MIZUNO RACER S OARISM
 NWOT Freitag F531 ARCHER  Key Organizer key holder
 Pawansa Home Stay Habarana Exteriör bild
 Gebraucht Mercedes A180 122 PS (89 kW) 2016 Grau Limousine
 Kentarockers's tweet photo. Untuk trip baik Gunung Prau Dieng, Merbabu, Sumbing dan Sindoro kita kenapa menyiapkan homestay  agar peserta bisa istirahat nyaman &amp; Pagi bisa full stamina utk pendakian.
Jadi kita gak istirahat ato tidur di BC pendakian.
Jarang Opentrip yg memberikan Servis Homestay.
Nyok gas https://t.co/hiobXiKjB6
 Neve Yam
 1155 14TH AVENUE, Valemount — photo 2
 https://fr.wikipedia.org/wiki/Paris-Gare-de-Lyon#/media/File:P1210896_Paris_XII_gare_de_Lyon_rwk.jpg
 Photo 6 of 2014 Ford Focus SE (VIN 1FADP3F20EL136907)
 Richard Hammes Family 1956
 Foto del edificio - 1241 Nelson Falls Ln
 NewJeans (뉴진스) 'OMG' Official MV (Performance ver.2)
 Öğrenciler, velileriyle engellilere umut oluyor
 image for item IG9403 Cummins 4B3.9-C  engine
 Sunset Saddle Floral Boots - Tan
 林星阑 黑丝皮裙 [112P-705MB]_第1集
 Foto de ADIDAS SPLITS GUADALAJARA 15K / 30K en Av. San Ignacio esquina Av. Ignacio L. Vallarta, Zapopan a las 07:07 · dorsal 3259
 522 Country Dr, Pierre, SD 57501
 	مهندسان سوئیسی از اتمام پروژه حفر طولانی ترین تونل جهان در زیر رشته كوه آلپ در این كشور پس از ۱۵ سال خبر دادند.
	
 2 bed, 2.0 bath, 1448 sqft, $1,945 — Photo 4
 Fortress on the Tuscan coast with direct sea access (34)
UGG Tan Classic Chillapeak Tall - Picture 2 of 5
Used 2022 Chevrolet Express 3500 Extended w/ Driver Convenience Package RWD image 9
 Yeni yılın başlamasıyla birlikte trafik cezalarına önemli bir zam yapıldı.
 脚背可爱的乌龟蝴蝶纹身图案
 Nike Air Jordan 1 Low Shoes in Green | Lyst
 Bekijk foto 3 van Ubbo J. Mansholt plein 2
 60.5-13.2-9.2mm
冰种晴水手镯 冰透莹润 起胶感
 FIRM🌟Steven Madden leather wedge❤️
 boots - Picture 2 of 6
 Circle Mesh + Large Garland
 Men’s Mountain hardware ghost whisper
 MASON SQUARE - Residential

________________________

## Required work
An exact repetition of the material above is required, from its first line through the line holding "Richard Hammes Family 1956", with nothing added.

## Expected answer
MIZUNO RACER S OARISM
 NWOT Freitag F531 ARCHER  Key Organizer key holder
 Pawansa Home Stay Habarana Exteriör bild
 Gebraucht Mercedes A180 122 PS (89 kW) 2016 Grau Limousine
 Kentarockers's tweet photo. Untuk trip baik Gunung Prau Dieng, Merbabu, Sumbing dan Sindoro kita kenapa menyiapkan homestay  agar peserta bisa istirahat nyaman &amp; Pagi bisa full stamina utk pendakian.
Jadi kita gak istirahat ato tidur di BC pendakian.
Jarang Opentrip yg memberikan Servis Homestay.
Nyok gas https://t.co/hiobXiKjB6
 Neve Yam
 1155 14TH AVENUE, Valemount — photo 2
 https://fr.wikipedia.org/wiki/Paris-Gare-de-Lyon#/media/File:P1210896_Paris_XII_gare_de_Lyon_rwk.jpg
 Photo 6 of 2014 Ford Focus SE (VIN 1FADP3F20EL136907)
 Richard Hammes Family 1956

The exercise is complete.